I disabled Unbound DNS to rule that out as the culprit for the issues I've been having since updating to 23.7.3 (when Wireguard was updated to 2.0) and it looks like it wasn't related.

I backed up all my configuration _before_ doing the Wireguard setup. Can reboot, use internet, etc. nothing wrong whatsoever. But then the problem started after I setup Wireguard. Just for clariy, here's what I did:

Setup an endpoint, setup the local instance, and enable it. You get a Wireguard connection from the Firewall itself and can see this with the `wg` command. You can ping and curl and verify VPN access from the firewall. Before doing anything else - Reboot the firewall. Now go back to the Wireguard plugin, and you'll see it tries to send data, but never receives. It's completely stuck, even with the default NAT rules. Verified in an SSH session too, just to make sure. Go to the plugin, uncheck it, save, check it again, save... VPN connection is back and running. So I'm starting to think the main issue/bug I've been running into the past month or whatnot is potentially a result of this issue.

All in all, can +1 the report of WG not working unless manually restarting the plugin.

What does your config look like?  Did you change any other settings besides setting up WG?

Also, I want to clarify something.  Are you attempting to initiate traffic from the OPNSense side to the client and that's not what's working?  Or are you initiating traffic from the client side to OPNSense?

What do your WG configs look like?  Are you using IPs, domains, etc?

[Kinerg]

I've opened bug reports for the WireGuard and Unbound issues to seek additional help.

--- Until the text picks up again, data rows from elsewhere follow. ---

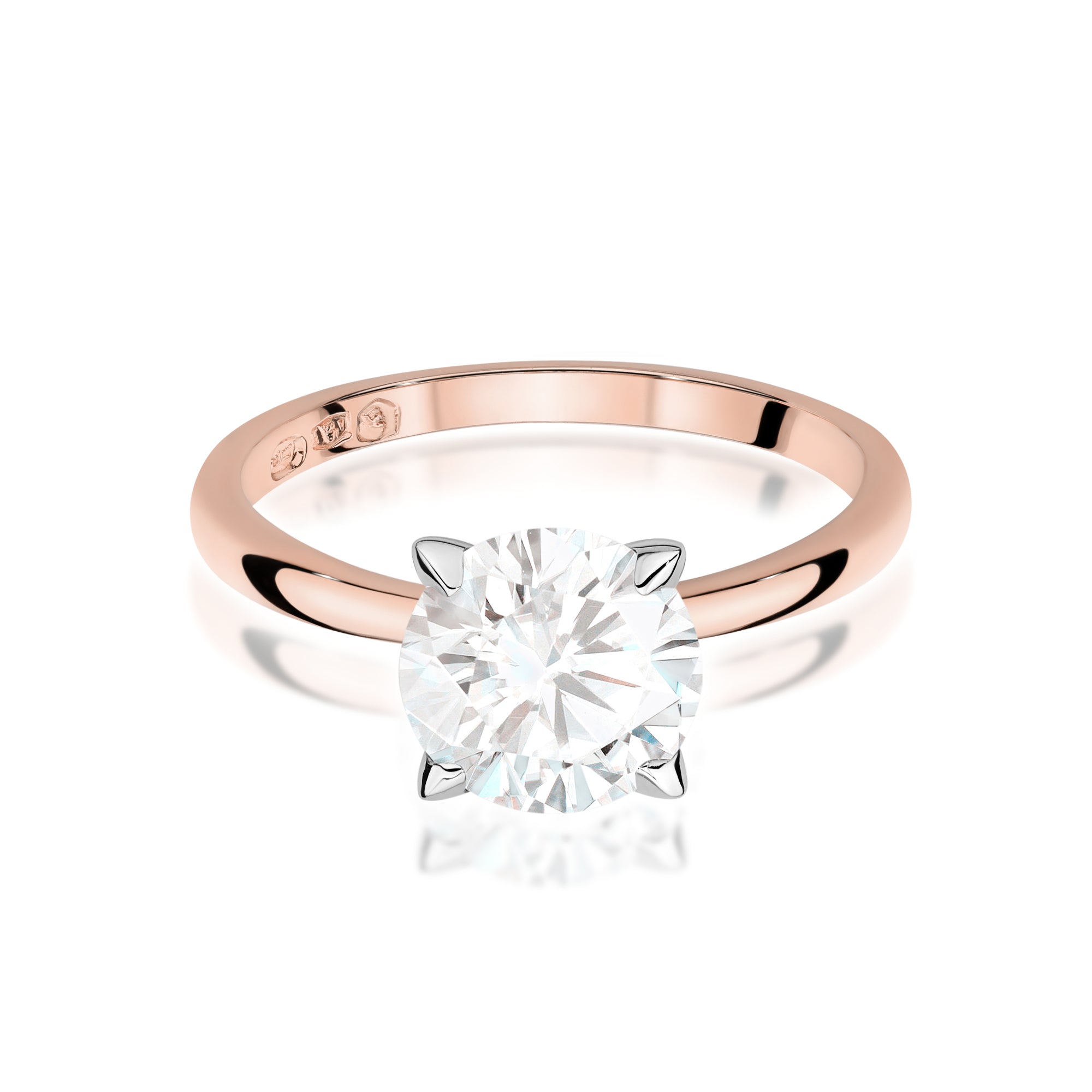 Inel Aur 14K cu Diamant de Laborator 2.00 ct
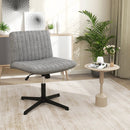 Criss Cross Legged Chair No Wheels 120¬∞ Rocking Adjustable Height by LJGDeals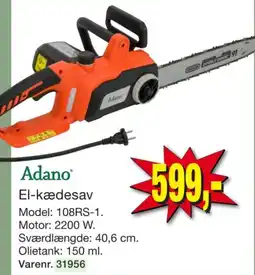 Harald Nyborg Adano El-kædesav tilbud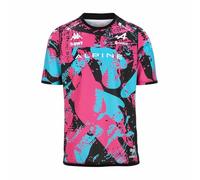 Kappa Kombat 2024 UK Gasly Alpine F1 Camiseta unisex para adulto, Negro , 10 Años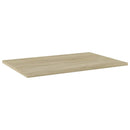 vidaXL 4 db sonoma tölgy színű szerelt fa könyvespolc 60 x 40 x 1,5 cm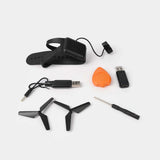Flash Induction Drone – Hand Gesture & RC Control with LED Flash Lights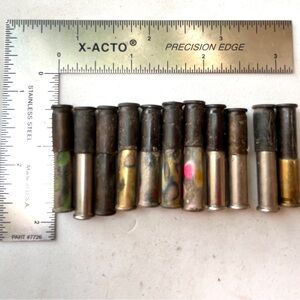 Brass Tube Bars. Sealed/painted. arts & crafts & jewelry. 1 & 3/8ths inch long.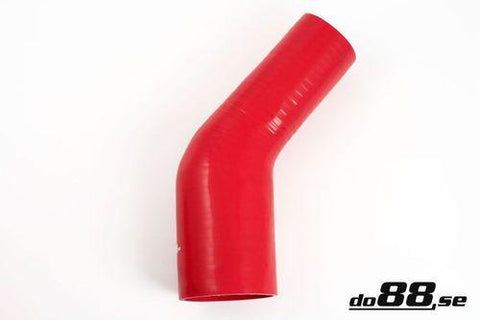 Silicone Hose Red 45 degree 3 - 4'' (76 - 102mm)-RBR45G76-102-NordicSpeed
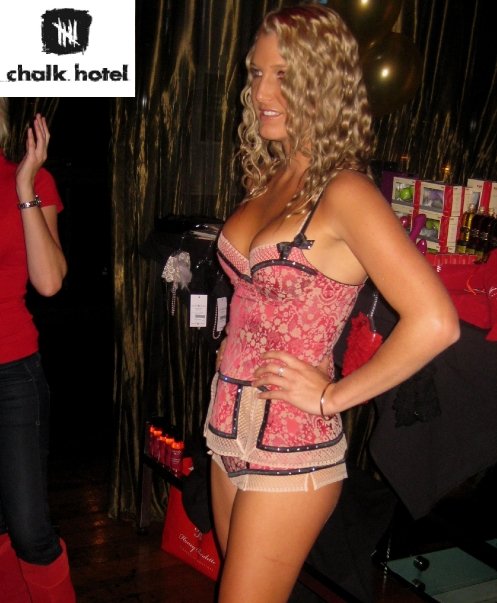 Female model photo shoot of Belinda Van Berkel in Chalk Hotel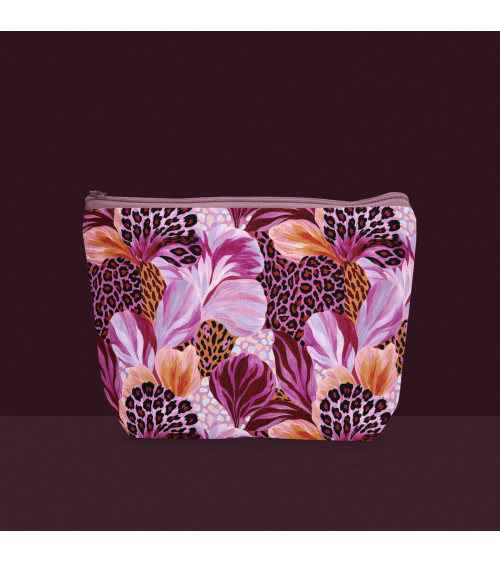 Wild bloom 01 – kwiaty z panterką, magenta | Mamidu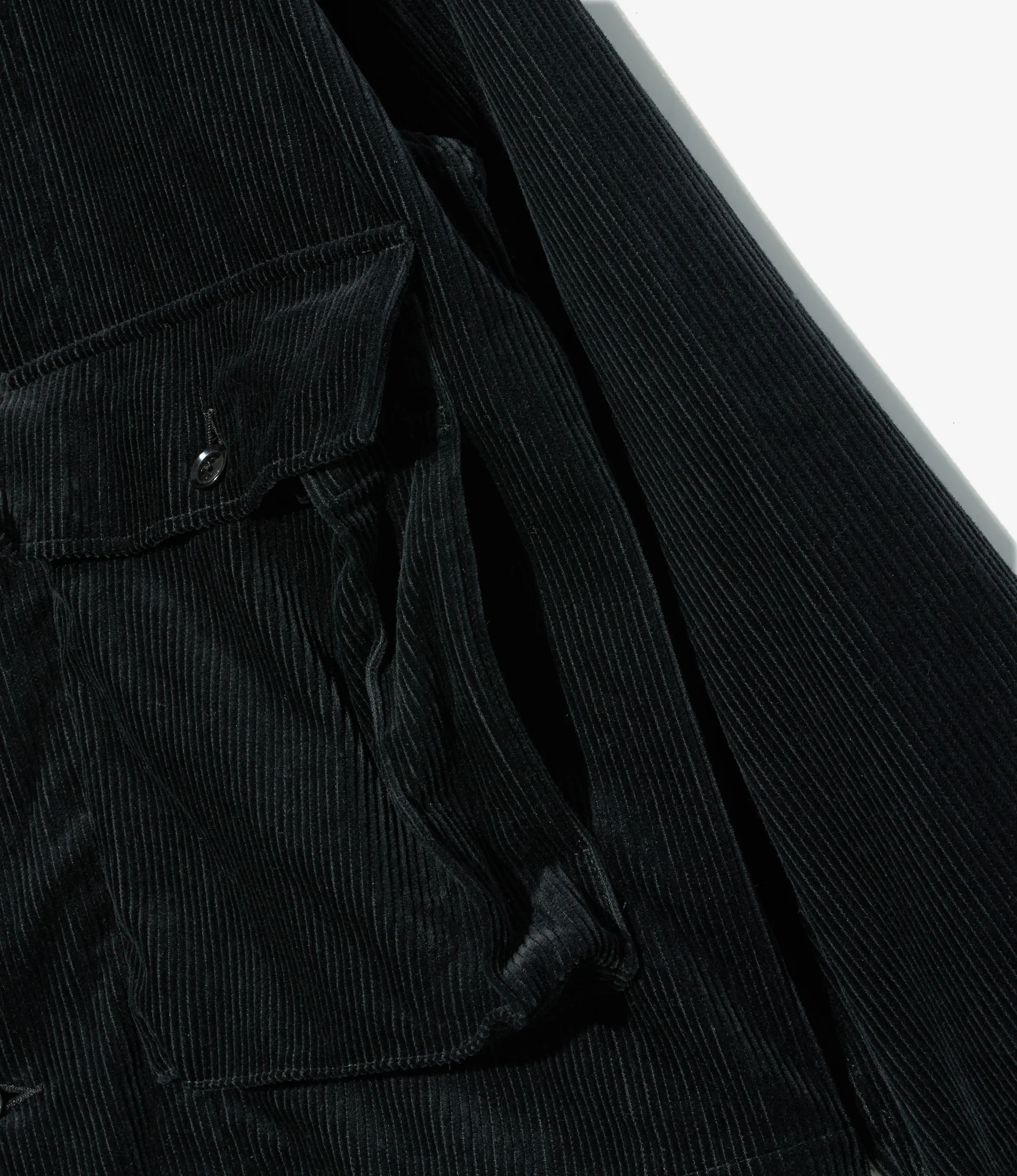 Sea Bees Jacket - Black Cotton 8W Corduroy - Image 3
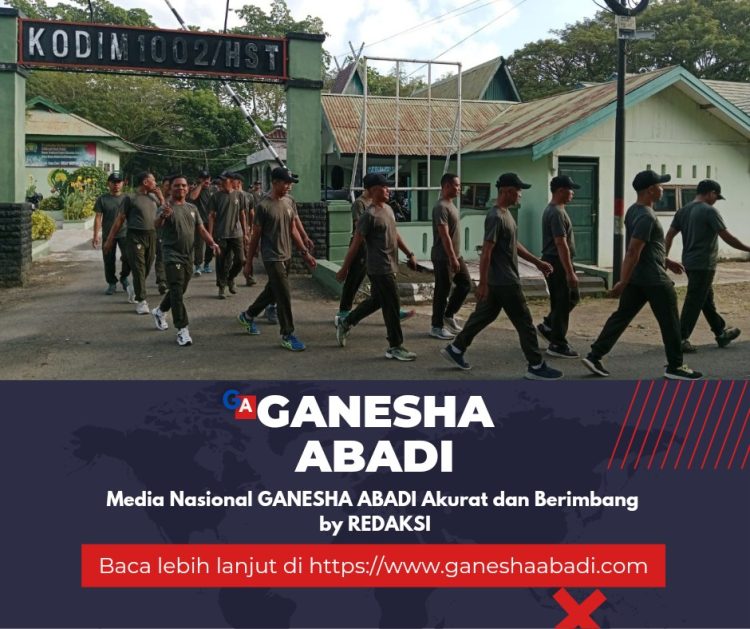 Tingkatkan Stamina Kesehatan, Kodim 1002/HST Olahraga Gelar Bersama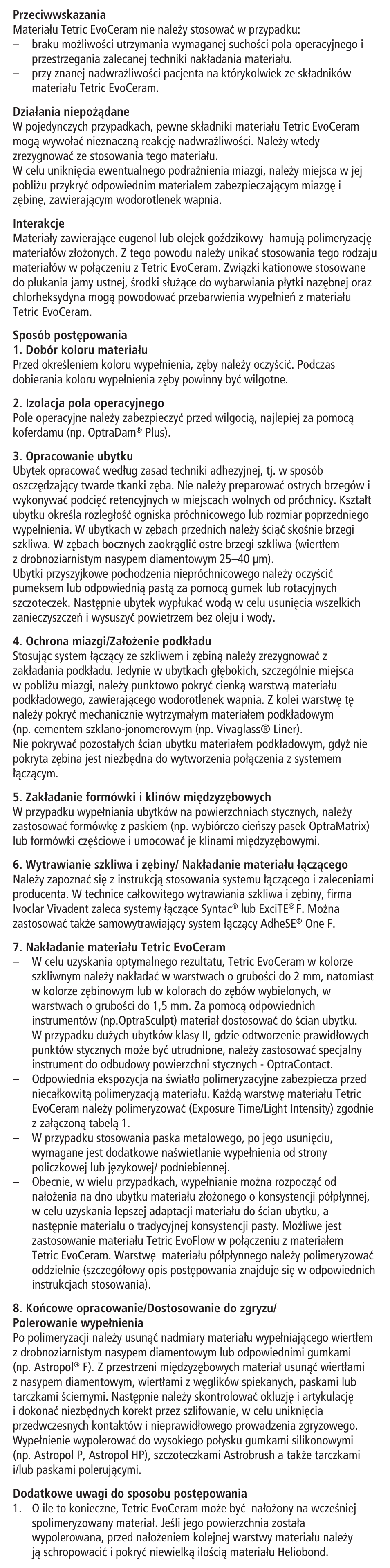 Ivoclar Vivadent Tetric EvoCeram User Manual | Page 29 / 48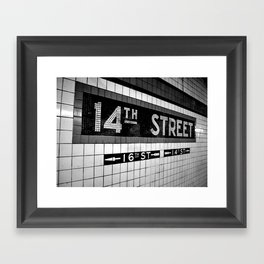 Subway Framed Art Print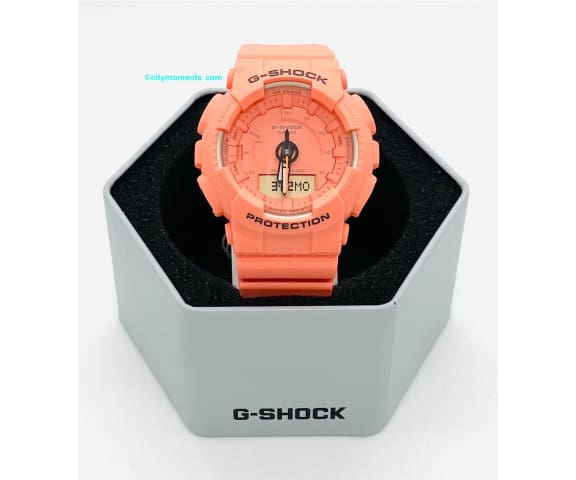 G-SHOCK GMA-S130VC-4ADR Analog-Digital Pink Women’s Resin Watch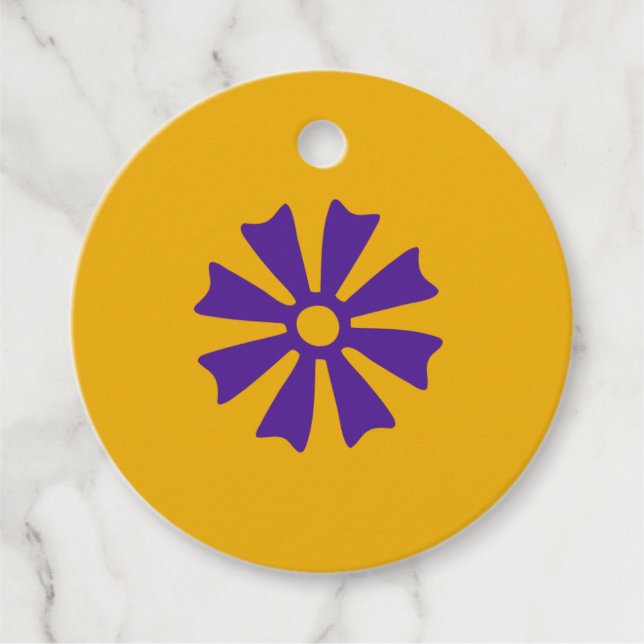 African Adinkra (Wisdom) Favour Tags (Front)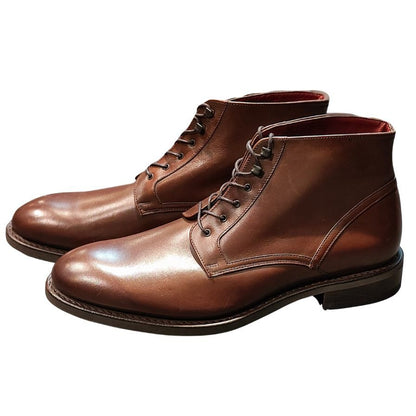 パラブーツ レザーシューズ レースアップブーツ ブラウン サイズ8A メンズ PARABOOT ブーツ 約26.5cm【LA】【中古】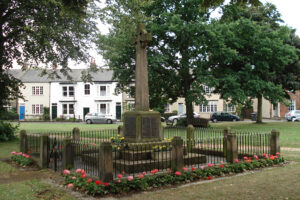 The war memorial about three weeks after the tidying."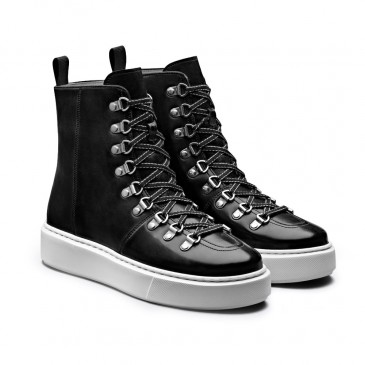 Chamaripa laarzen met hoge hak voor dames zwart verhoogde schoenen die je  langer maken 7 CM - W92W158F011D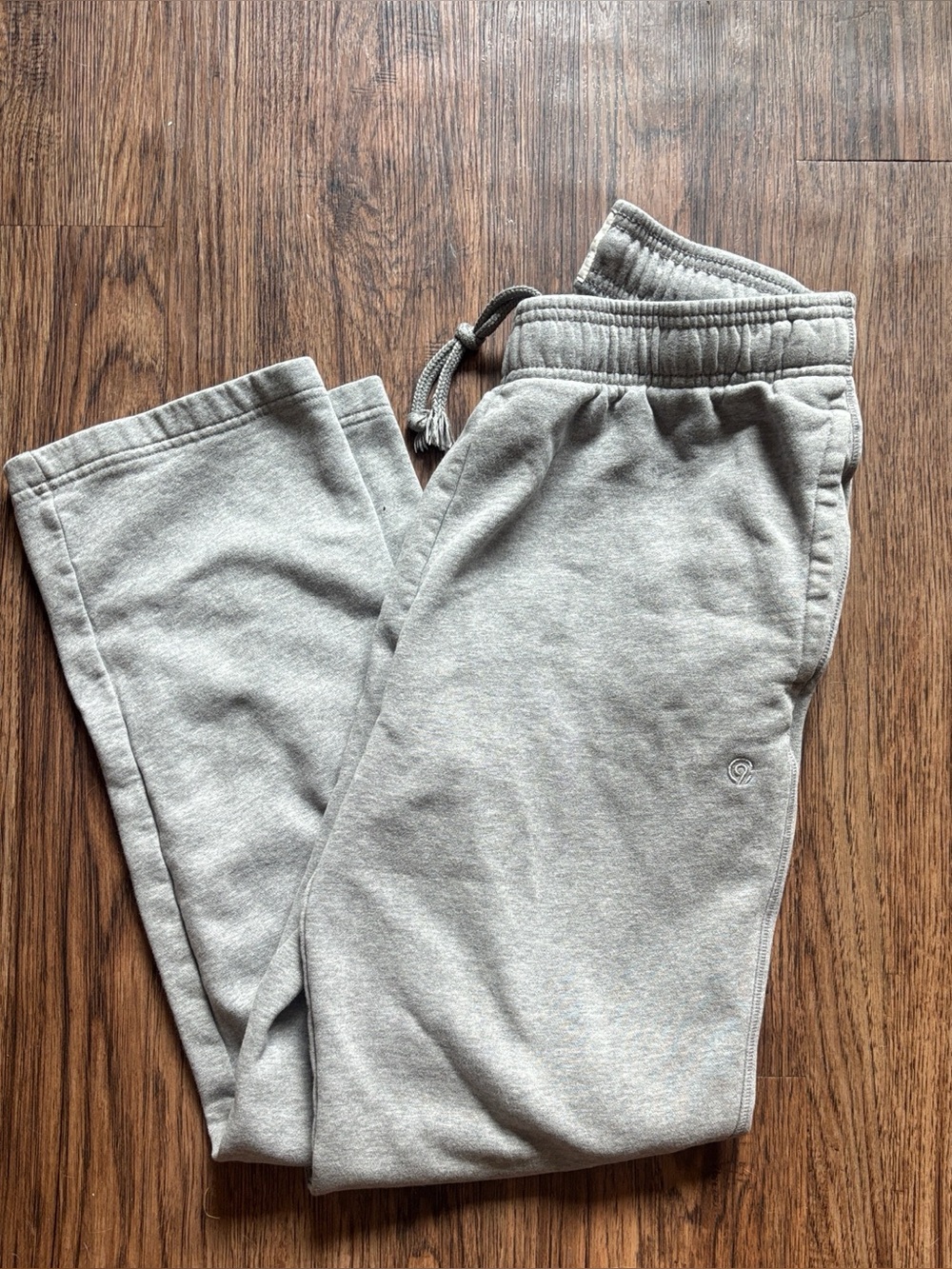 Champion Reverse Weave Sweatpants Gray Size M Straight Leg Fleece Lounge Joggers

Will report back here with the findings.

[opn69a]

What does your config look like?  Did you change any other settings besides setting up WG?

Also, I want to clarify something.  Are you attempting to initiate traffic from the OPNSense side to the client and that's not what's working?  Or are you initiating traffic from the client side to OPNSense?

What do your WG configs look like?  Are you using IPs, domains, etc?

Apologies, forgot to reach back out on this!

1. Made changes to nothing else except WG because I wanted to confirm it was WG and not something else
2. Neither work prior to restarting the service, both work after
3. IPs, following the guide word-for-word from the OPNsense wiki as well. Basically kept DNS out of this as much as possible.

Hoping Kinerg's bug report and next update will resolve all this though, so guess we'll see soon-ish? :D

[CJ]

Apologies, forgot to reach back out on this!

1. Made changes to nothing else except WG because I wanted to confirm it was WG and not something else
2. Neither work prior to restarting the service, both work after
3. IPs, following the guide word-for-word from the OPNsense wiki as well. Basically kept DNS out of this as much as possible.

Hoping Kinerg's bug report and next update will resolve all this though, so guess we'll see soon-ish? :D

When you say it doesn't work, what specifically?  Are you unable to ping, unable to resolve domains?  Something else?

Lastly, are you using Keepalive 25 in your configs?

I've restarted OPNSense multiple times over the course of troubleshooting my ISP issues and never had to touch WG beyond initially setting it up.